We’re working on the next release of Cloudless Atlas, processing thousands upon thousands of huge Landsat scenes. Many techniques carry over smoothly from our cloudless MODIS project, but the number of pixels is on another level entirely – on the order of 20 trillion. We’re planning for a cluster of 400 servers just to manage the petabytes of data downloads. The main pipeline, though: that will be a cloud unto itself, with just over 1000 high-end machines, each applying our tuned processing kernels to millions of pixels per second. It’s been fun crunching the numbers to get this set up, but the best part is seeing the beautiful images we can produce:
Here’s the famously lovely city of Vancouver, Canada.
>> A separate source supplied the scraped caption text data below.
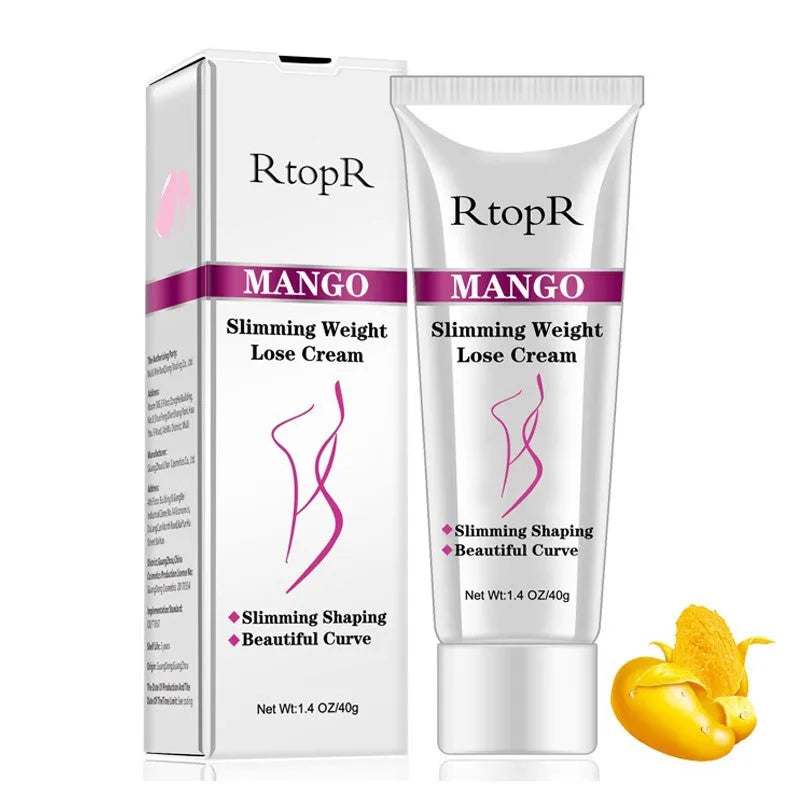 RtopR Mango Body Lotion Cream, white slimming cream with herbal extracts for massage and 30 to 40 minute wrap routine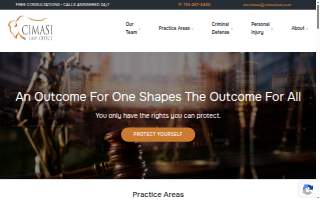 Cimasi Law Office of Amherst website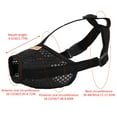 LYTiang Breathable Mesh Dog Muzzle Barking Biting Chewing And Stop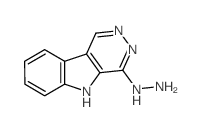 3,5-Dihydro-4H-pyridazino(4,5-b)indol-4-one hydrazone Structure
It’s built on the delta of the Fraser river, which carries pale sand produced by the scouring of glaciers far inland. Just north of the city are the mountains that hosted the 2010 Winter Olympics; to the south are fertile valleys and the border with Washington State. (In fact, the peninsula in the lower left is the American town of Point Roberts, cut off from the US mainland.)
I’ve been looking at a lot of images like this one lately, adjusting various parameters. They’re the very first sample swatches for the cloudless Landsat project – areas carefully chosen to be tricky because of seasonal vegetation, mountains, clouds (having grown up just outside this image’s frame, I can assure you there are plenty of clouds here), different kinds of water, agriculture, and so on. Making basemaps is an exercise in balance.